Improbable Masses

Alright, seems like its time to post the solution to the Impossible Masses problem.

First, there are two key realizations you need before you can solve the problem:
1. You may multiply the weights of all the masses by any constant and not have any effect on the puzzle
2. You may add any constant to the masses and not have any effect on the puzzle

The proofs of these are pretty simple, so I won't bother to do it.

So, first thing is that you use your power of a multiplicative constant to give all the masses integer mass (keep multiplying by denominators until you are there, basically). Next, you can use the additive constant to make one of the masses zero. Finally, you can halve all the masses as many times as it takes for there to be at least one weight with an odd mass (this step fails iff all the weights have the same mass). So, you have 11 integer masses and at least one of them is zero and at least one of them is odd.

Now, remove the zero mass, the remaining ten can be divided into two groups with the same (integer) mass. Thus, the total mass remaining must be an even number. Thus the total mass even with the zero mass included must be an even number.

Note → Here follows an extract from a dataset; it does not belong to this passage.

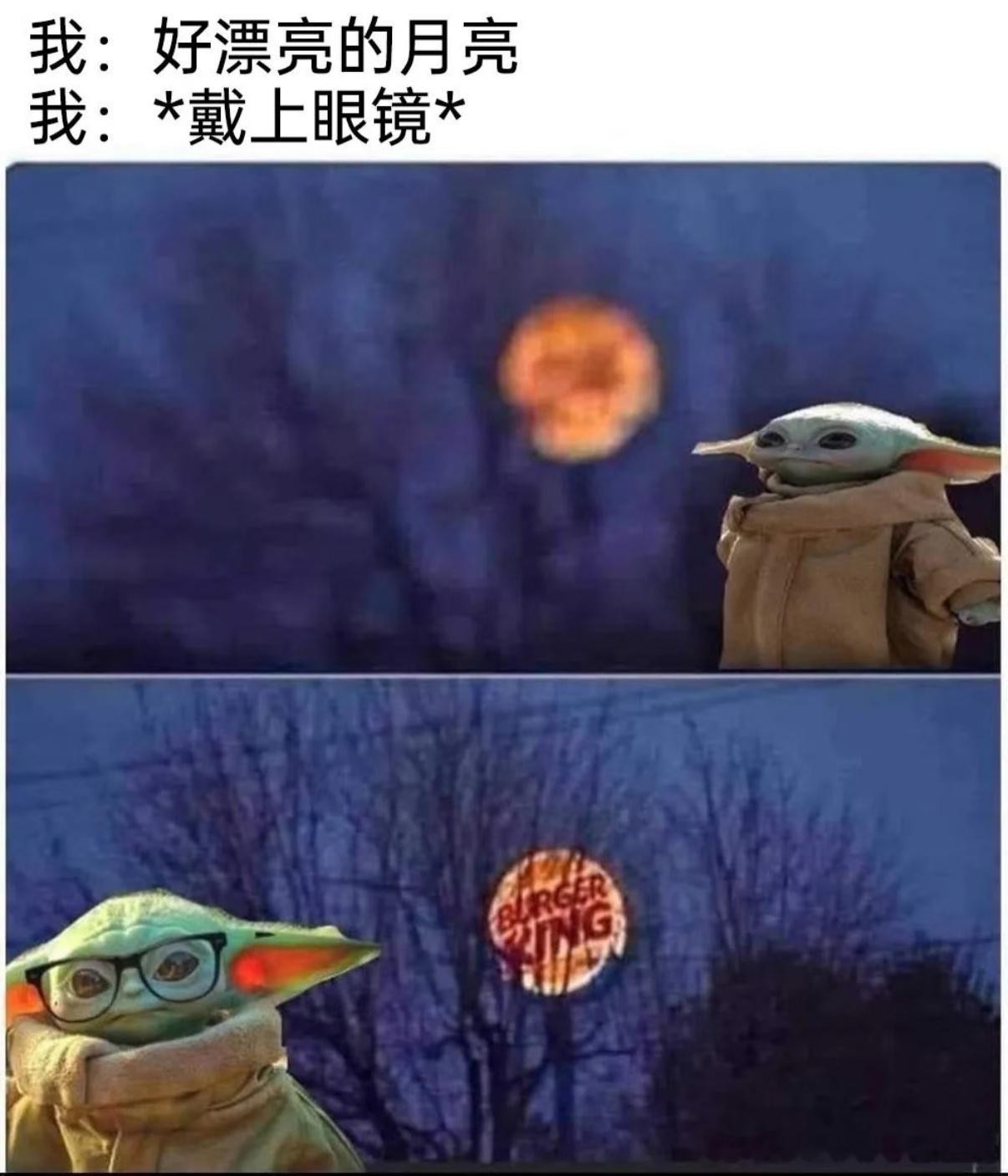 5445近视眼的世界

Now, remove the odd mass, the remaining ten can be divided into two groups with the same (integer) mass. But, the total mass of the weights left behind must be an odd number. This is a contradiction, proving the masses must all be the same.

In the case where the masses can be real, I believe the proof goes along the same lines, but I do not actually know it myself.

1 comment:

McAnerbot said...

That is a cute proof. Even after reading it, I had to think about it though.